For that, we use the verifyBlueprint
function, delivered by the sbt-cloudflow
plugin.
$ sbt verifyBlueprint
[info] Loading settings for project global-plugins from plugins.sbt ...
[info] Loading global plugins from /home/maasg/.sbt/1.0/plugins
[info] Loading settings for project spark-sensors-build from cloudflow-plugins.sbt,plugins.sbt ...
[info] Loading project definition from cloudflow/examples/spark-sensors/project
[info] Loading settings for project sparkSensors from build.sbt ...
[info] Set current project to spark-sensors (in build file:cloudflow/examples/spark-sensors/)
[info] Streamlet 'sensors.MovingAverageSparklet' found
[info] Streamlet 'sensors.SparkConsoleEgress' found
[info] Streamlet 'sensors.SparkRandomGenDataIngress' found
[success] /cloudflow/examples/spark-sensors/src/main/blueprint/blueprint.conf verified.
The blueprint
verification checks that all the connections between Streamlets
are compatible, using the schema information provided by the Streamlet
.
Once the blueprint
verification succeeds, we know that the components of our streaming application can talk to each other.
We are now ready to run the complete application.
Enter the Sandbox
Cloudflow comes with a local execution mode called Sandbox.
The Sandbox instantiates all Streamlets
of an application’s blueprint with their connections in a single, local JVM.
We can see it in action in the following screencast.
The Sandbox
provides you with a minimalistic operational version of the complete application.
You can use it to exercise the functionality of the application end-to-end and verify that it behaves as expected.
The Sandbox
gives you a blazing fast feedback loop for the functionality you are developing, removing the need to have to go through the full package, deploy, and launch on a remote cluster.
Packaging: Build-generated Artifacts
Once we are confident that the application functions as we expect, we can build a package.
Cloudflow applications are packaged as a single docker image that contains the necessary dependencies to run the different Streamlets
on their respective backends.
That image gets published to a docker repository of your choice.
Deployment: kubectl
Extensions for a YAML-less experience
At this stage, we are ready to deploy our application to a Cloudflow-enabled Kubernetes cluster.

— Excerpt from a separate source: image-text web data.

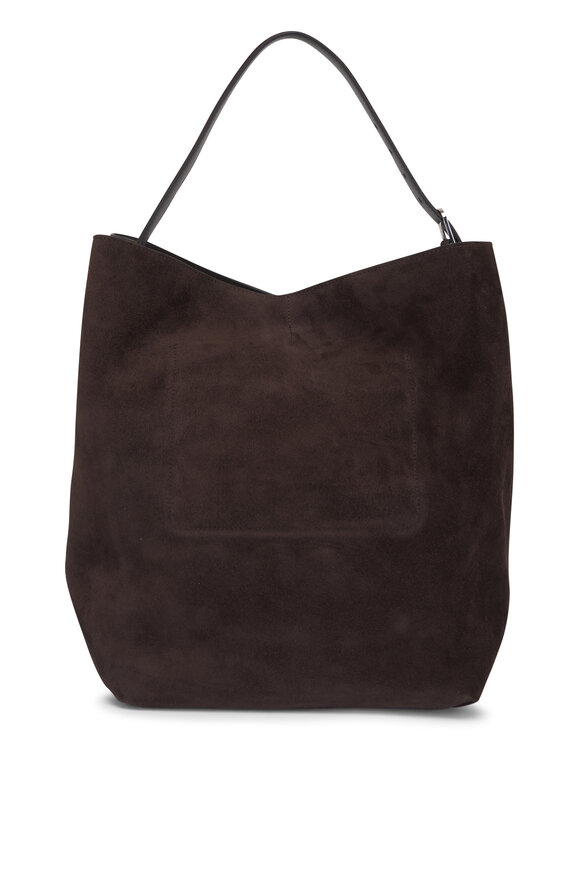 Totême Brown Suede Belted Tote - view 4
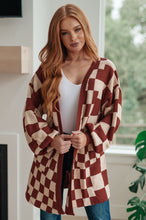 Load image into Gallery viewer, When I See You Again Checkered Cardigan
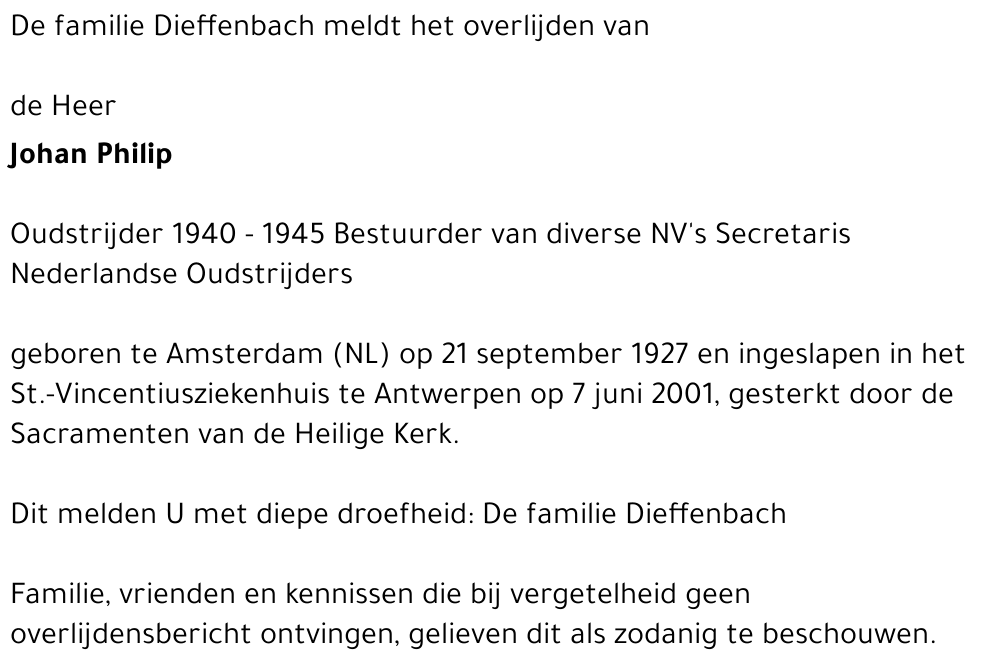 Johan Philip Dieffenbach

In contrast with the usual YAML-full experience that typical K8s deployments require, with Cloudflow we use the blueprint
information and the Streamlet
definitions to auto-generate an application deployment.
Cloudflow also comes with a kubectl
plugin that augments the capabilities of your local kubectl
installation to work with Cloudflow applications.
You use your usual kubectl
commands to auth against your target cluster.
Then, with the kubectl cloudflow
plugin we can deploy and manage a Cloudflow application as a single logical unit.
$ kubectl cloudflow deploy docker-registry/app-image:version
This method is not only dev-friendly, but also compatible with the typical CI/CD deployments to allow you to take the application from dev to production in a controlled way.
Conclusion
As a developer, Cloudflow gives you a set of powerful tools to accelerate the application development process: - The Streamlet API, lets you focus on business value and use your knowledge of widely popular streaming runtimes, like Akka Streams, Apache Spark Structured Streaming, and Apache Flink to create full-fledged streaming applications. - The blueprint lets you easily compose your application with the peace of mind that a verification phase, informed by schema definitions, provides. - The Sandbox lets you exercise the complete application in seconds, giving you a real-time feedback loop to speed up the debugging and validation phases.
And with a fully developed application, the kubectl cloudflow
plugin gives you the ability to deploy and control the lifecycle of your application on an enabled K8s cluster.
Cloudflow takes away the pain of creating and deploying distributed applications on Kubernetes, speeds up your development process, and gives you full control over the operational deployment.
In a nutshell, it gives you distributed application development super-powers on Kubernetes.